>>>

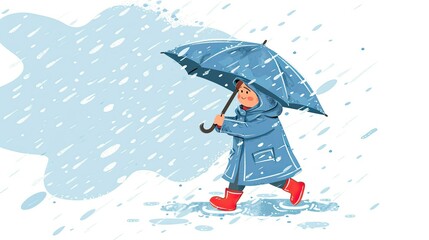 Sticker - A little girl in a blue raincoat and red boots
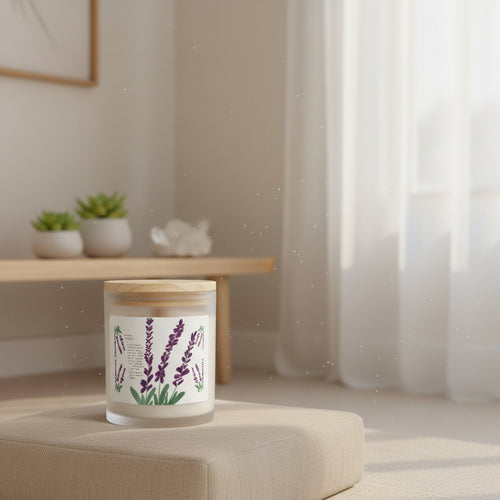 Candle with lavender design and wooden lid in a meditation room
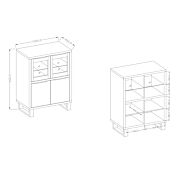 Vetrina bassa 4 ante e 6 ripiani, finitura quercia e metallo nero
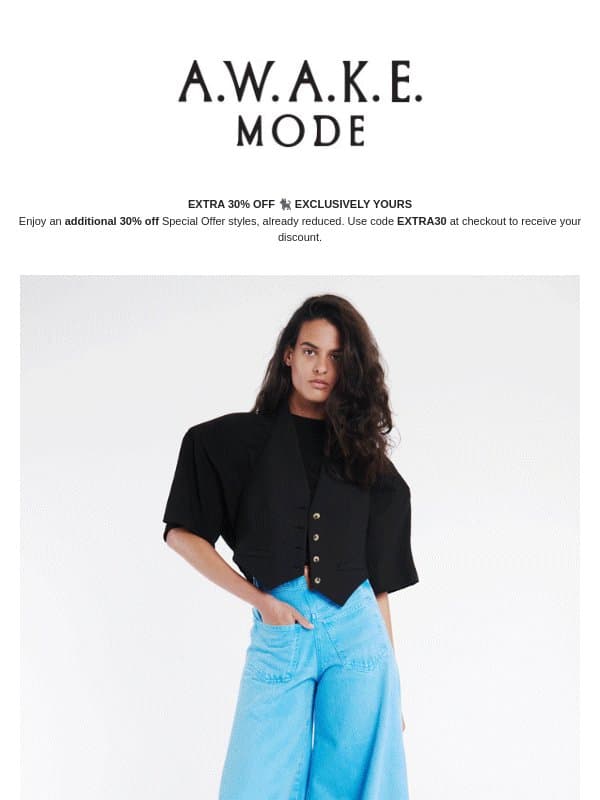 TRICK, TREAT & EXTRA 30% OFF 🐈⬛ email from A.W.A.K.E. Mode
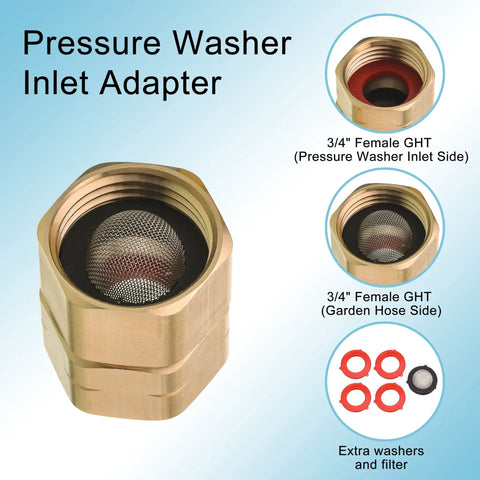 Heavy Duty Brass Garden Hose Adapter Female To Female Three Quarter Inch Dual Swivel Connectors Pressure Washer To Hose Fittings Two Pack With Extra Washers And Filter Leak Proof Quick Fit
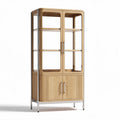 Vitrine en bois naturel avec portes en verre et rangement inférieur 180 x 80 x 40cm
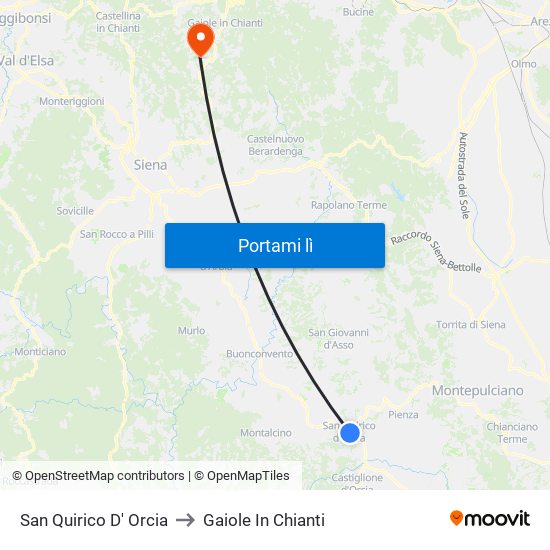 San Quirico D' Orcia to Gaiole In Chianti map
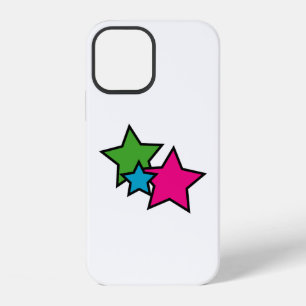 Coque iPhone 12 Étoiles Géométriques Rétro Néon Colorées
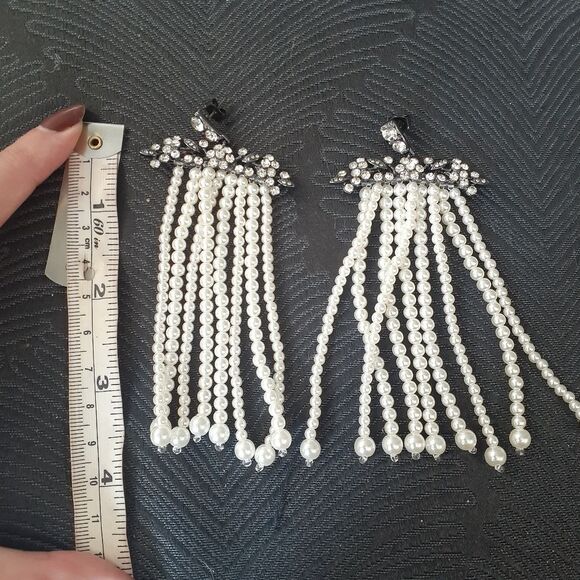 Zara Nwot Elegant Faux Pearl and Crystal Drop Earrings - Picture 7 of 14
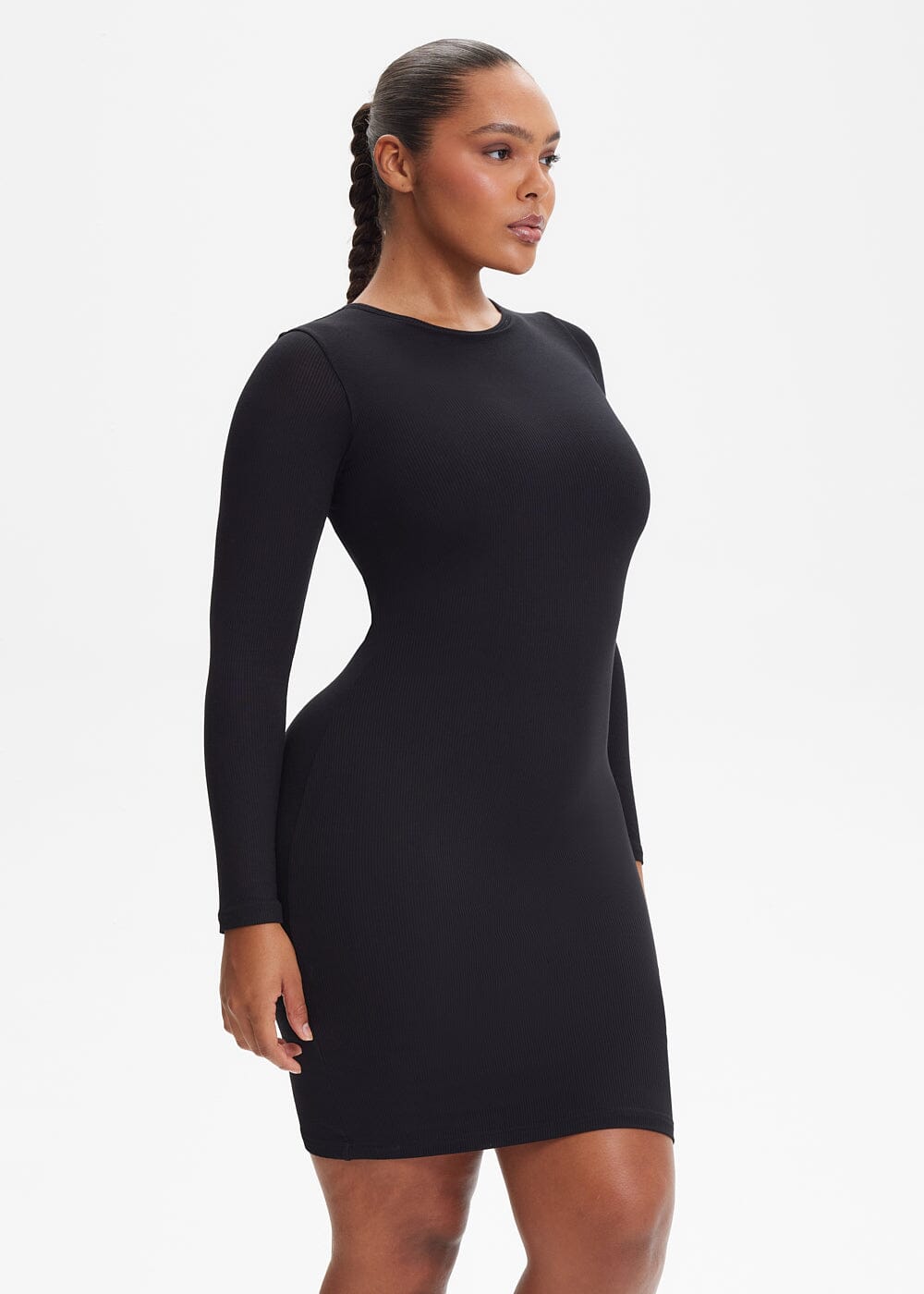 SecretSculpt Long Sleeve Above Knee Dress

<<<

_What the task asks_:
Take the line that contains "Heavy Duty Brass" and every line after it up to the end of the records above, and restate them exactly, without the pictures.

_Finished exercise_:
 Heavy Duty Brass Garden Hose Adapter Female To Female Three Quarter Inch Dual Swivel Connectors Pressure Washer To Hose Fittings Two Pack With Extra Washers And Filter Leak Proof Quick Fit
 Vitrine en bois naturel avec portes en verre et rangement inférieur 180 x 80 x 40cm
 San Quirico D' Orcia to Gaiole In Chianti map
 Coque iPhone 12 Étoiles Géométriques Rétro Néon Colorées
 Zara Nwot Elegant Faux Pearl and Crystal Drop Earrings - Picture 7 of 14
 SecretSculpt Long Sleeve Above Knee Dress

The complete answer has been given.